Tout commence par une liquidation judiciaire, celle du groupe Quinta. Jeudi dernier (le 15), le groupe propriétaire de plusieurs sociétés de post-production est placé en liquidation judiciaire par le tribunal de Nanterre.

Si, comme moi, vous n’êtes pas tout à fait familier avec les coulisses de la production d’un film, vous ne vous alertez pas. Et pourtant …36 films français sont actuellement menacés de voir leur date de sortie repoussée, peut-être même de ne jamais être distribués dans nos salles sombres.

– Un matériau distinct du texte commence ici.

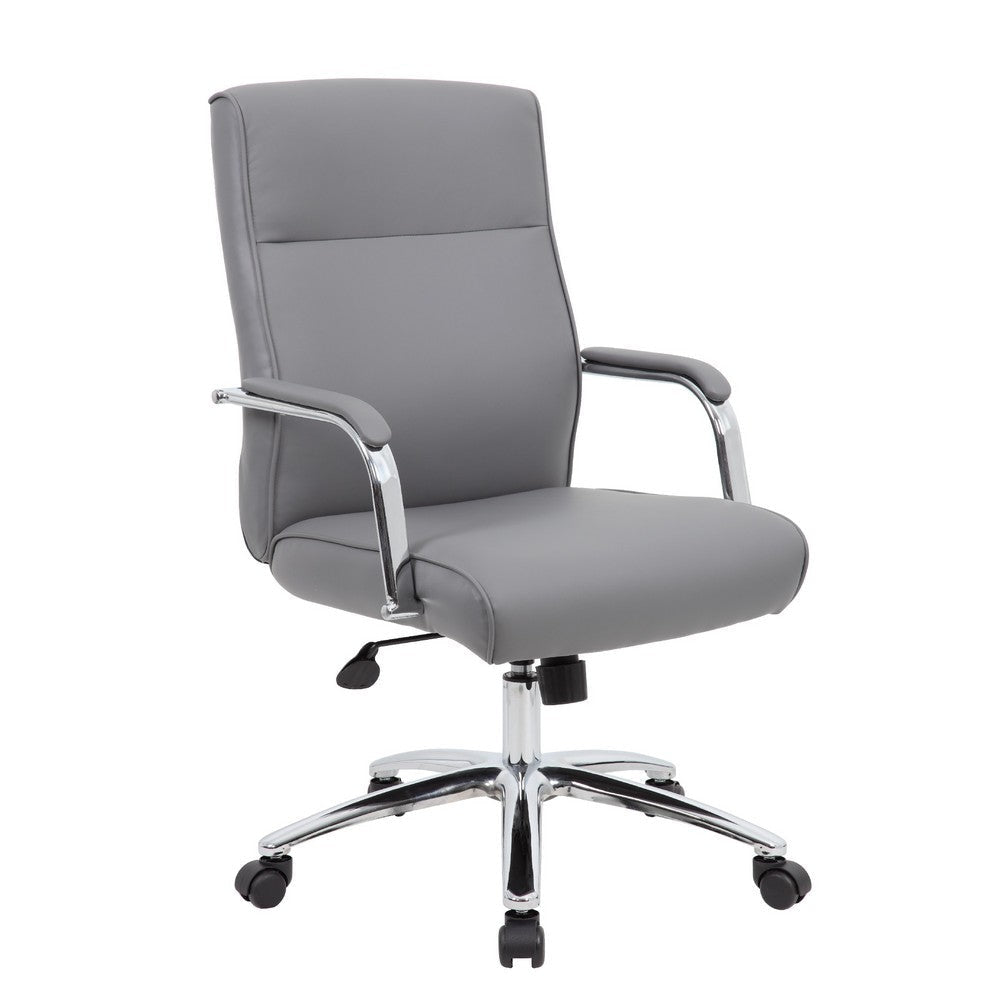 Megh Rolling Executive Conference Chair | Gray Vinyl | Lumbar Support BM344466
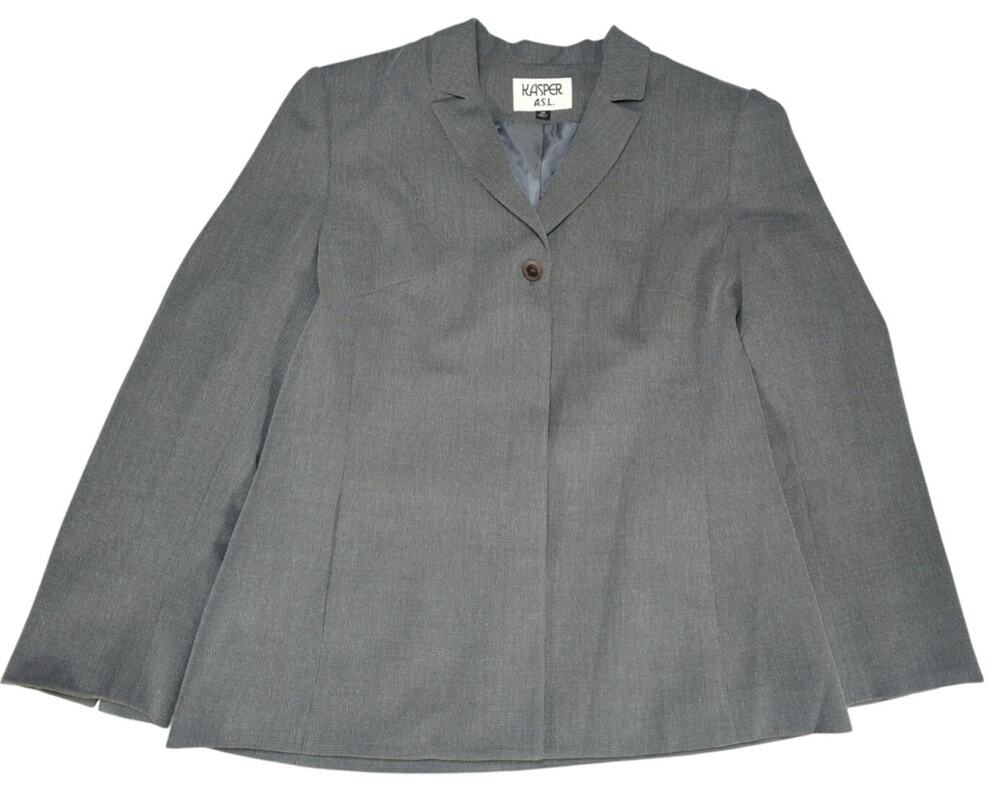 Kasper ASL Womens Blazer Gray Size 14 Career Workwear Jacket Polyester Rayon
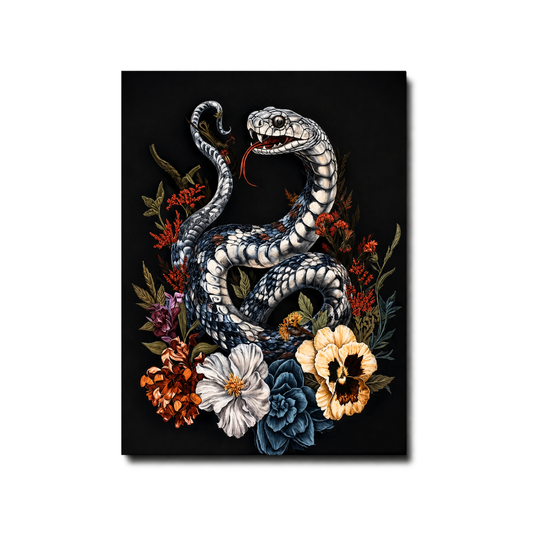 Gothic Snake Floral Canvas Print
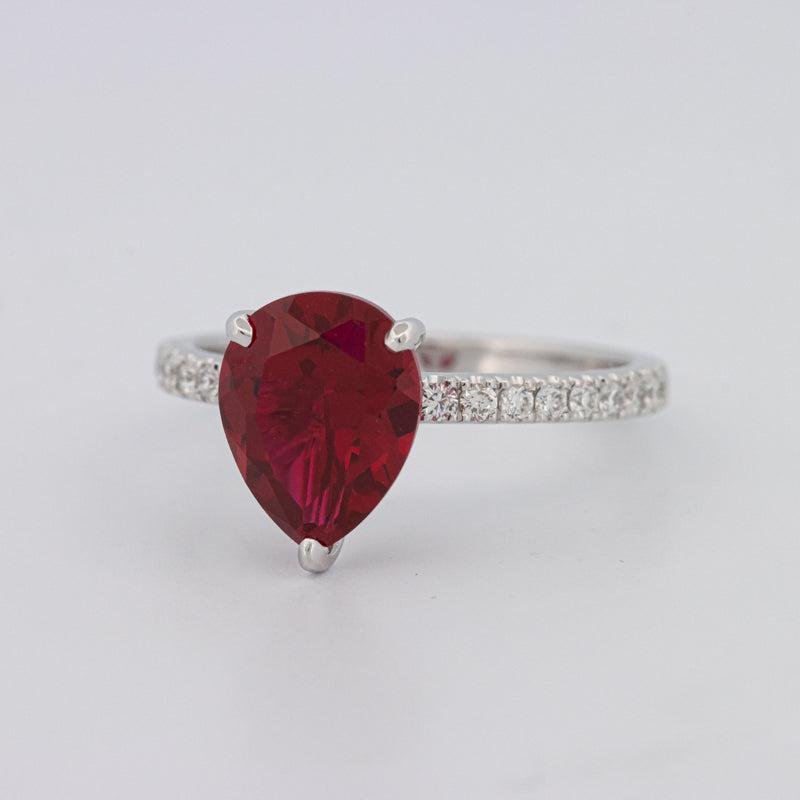 2.40 CT Pearshape Red Ruby Ring - ZIZOV DIAMONDS
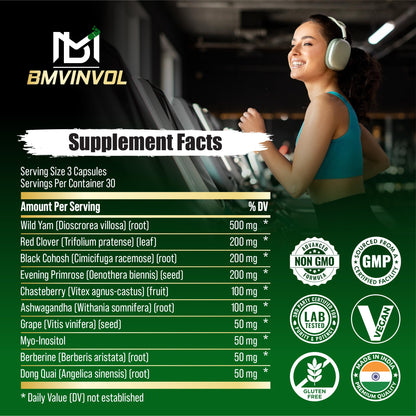 Supplement facts label on BMVINVOL Wild Yam bottle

Pour mieux comprendre : durant la phase de post-production, le film est stocké sur des disques durs, il est ainsi dématérialisé. Une première nouvelle, pour moi en tout cas. J’imaginais des salles immenses remplies de bobines cinématographiques. Le groupe Quinta, endetté, possédait quelques 800 terraoctets (soit 820 000 Gigaoctets) de données de films. Les créanciers de ce groupe souhaitent logiquement être rembousés, du moins en partie. Il peuvent donc ainsi récupérer ces précieux disques durs. Le danger est donc véritable pour les producteurs et les films dont la post-production a été confiée au groupe Quinta. Parmi ceux-ci des titres attendus tels que : Astérix, au service de sa Majesté, La vérité si je mens 3, Infidèle (de Jean Dujardin et Gilles Lelouche), …

Thierry de Segonzac, président de la FICAM (Fédération des Industries du Cinéma, de l’Audiovisuel et du Multimédia), a écrit ce matin (Lundi 19) une lettre au président de la République tant l’affaire lui semble urgente et grave. Dans le scénario catastrophe, Thierry de Segonzac estime la perte financière des producteurs de 300 millions €.